I still hope that a solution can be found that the TZ Coordinator is happy with that avoids an impact on countries like Norway, Sweden, Denmark or the Netherlands. In the medium term, I hope that funding can be found for the CLDR project to take on the timezone database (as CLDR has a much better record at managing data like this).

Stay tuned as I try and work out how best to resolve this completely unecessary drama.

Monday, 4 November 2019

Java switch - 4 wrongs don't make a right

The switch statement in Java is being changed. But is it an upgrade or a mess?

Classic switch

The classic switch statement in Java isn't great. Unlike many other parts of Java, it wasn't properly rethought when pulling features across from C all those years ago.

The key flaw is "fall-through-by-default". This means that if you forget to put a break clause in each case, processing will continue on to the next case clause.

Another flaw is that variables are scoped to the entire switch, thus you cannot reuse a variable name in two different case clauses. In addition, default clause is not required, which leaves readers of the code unclear as to whether a clause was forgotten or not.
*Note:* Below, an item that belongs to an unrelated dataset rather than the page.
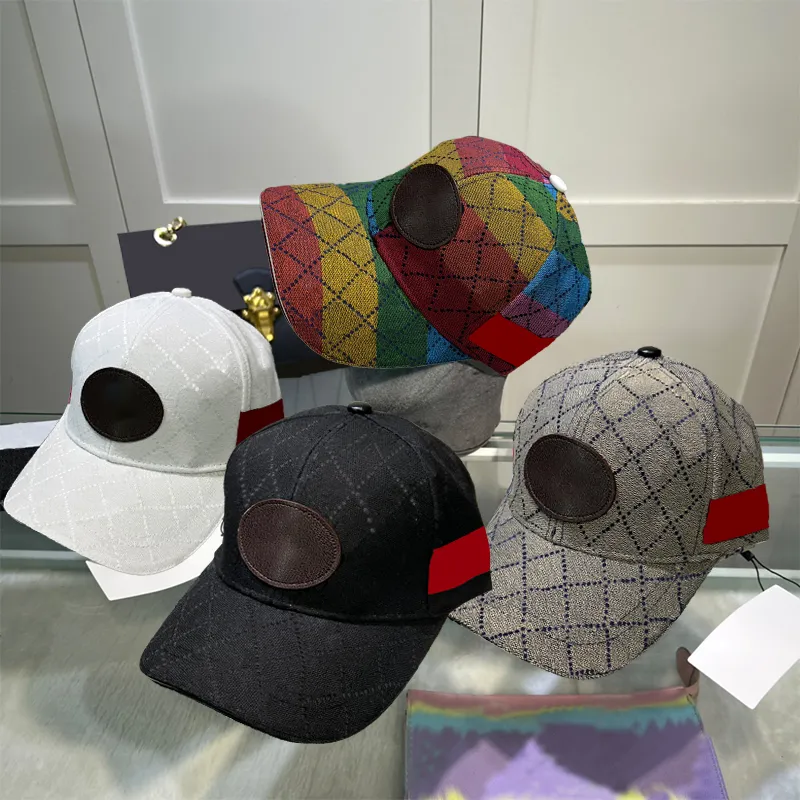 Vårdesigner Boll Caps Mens Baseball Cap med bokstäver broderi sommar regnbåge färg gata hatt beanies kvinnor hink hattar 4 färger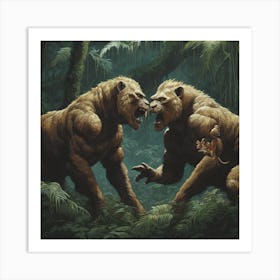 Two Lions Fighting In The Jungle Art Print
And of course there is also the key limitation - that the type to be switched on can only be an integer, enum or string.

 String instruction;
 switch (trafficLight) {
   case RED:
     instruction = "Stop";
   case YELLOW:
     instruction = "Prepare";
     break;
   case GREEN:
     instruction = "Go";
     break;
 }
 System.out.println(instruction);

The code above does not compile because there is no default clause, leaving instruction undefined. But even if it did compile, it would never print "Stop" due to the missing break. In my own coding, I prefer to always put a switch at the end of a method, with each clause containing a return to reduce the risks of switch.

Upgraded switch

As part of Project Amber, switch is being upgraded. But sadly, I'm unconvinced as to the merits of the new design. To be clear, there are some good aspects, but overall I think the solution is overly complex and with some unpleasant syntax choices.

The key aim is to add an expression form, where you can assign the result of the switch to a variable. This is rather like the ternary operator (eg. x != null ? x : ""), which is the expression equivalent of an if statement. An expression form would reduce problems like the undefined variable above, because it makes it more obvious that each branch must result in a variable.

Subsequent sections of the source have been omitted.